[Data shown — start]

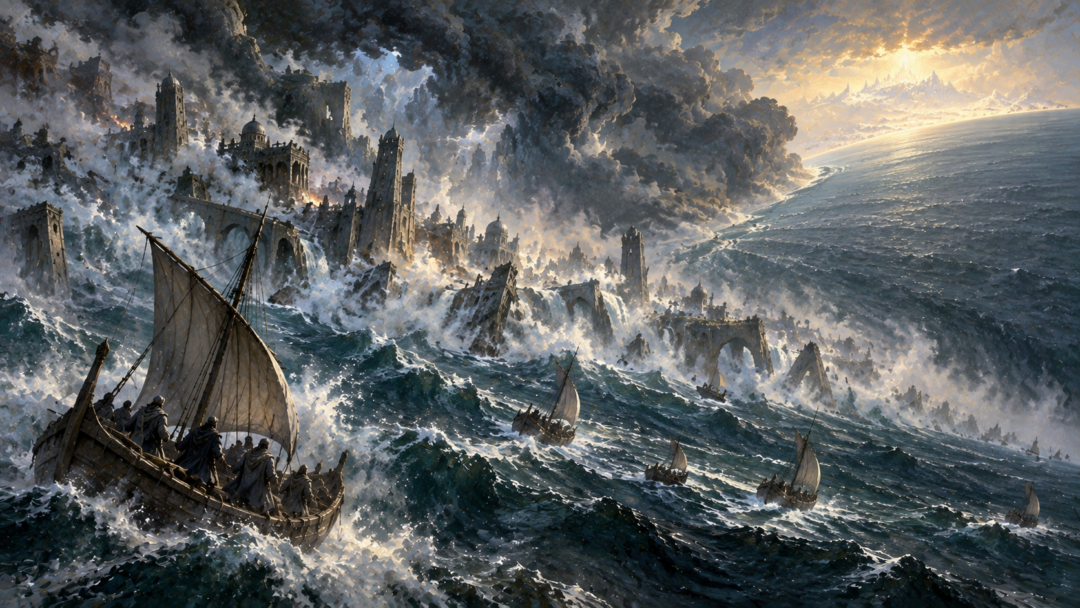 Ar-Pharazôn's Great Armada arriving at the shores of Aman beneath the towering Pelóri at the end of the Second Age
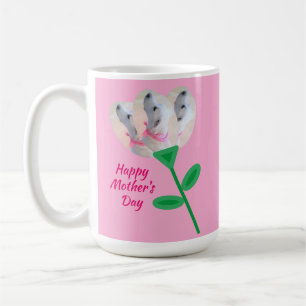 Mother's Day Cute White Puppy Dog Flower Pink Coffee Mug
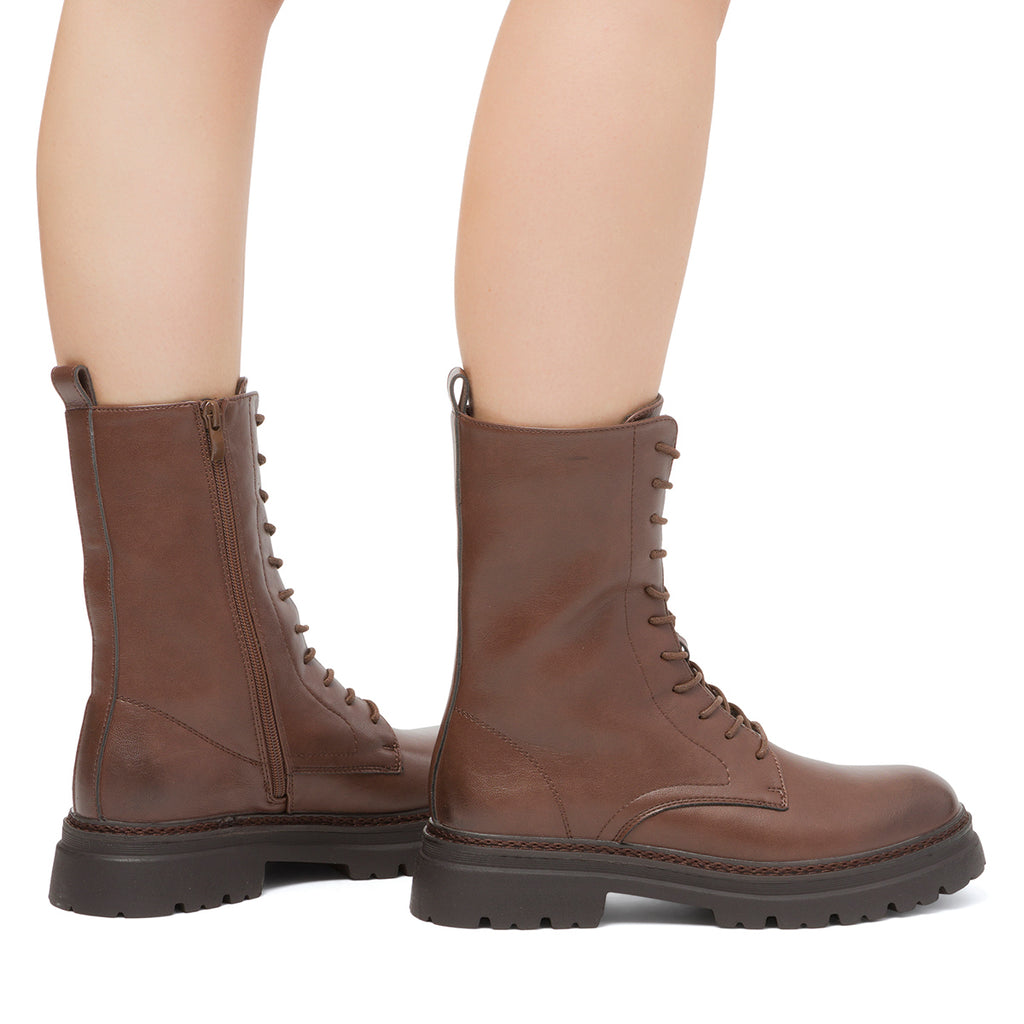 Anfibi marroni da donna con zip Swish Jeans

[Data shown — finish]

> Exercise
Reproduce the entire listing above precisely, but keep the images out.

> Exercise response
 Ar-Pharazôn's Great Armada arriving at the shores of Aman beneath the towering Pelóri at the end of the Second Age
 Mother's Day Cute White Puppy Dog Flower Pink Coffee Mug
 Anfibi marroni da donna con zip Swish Jeans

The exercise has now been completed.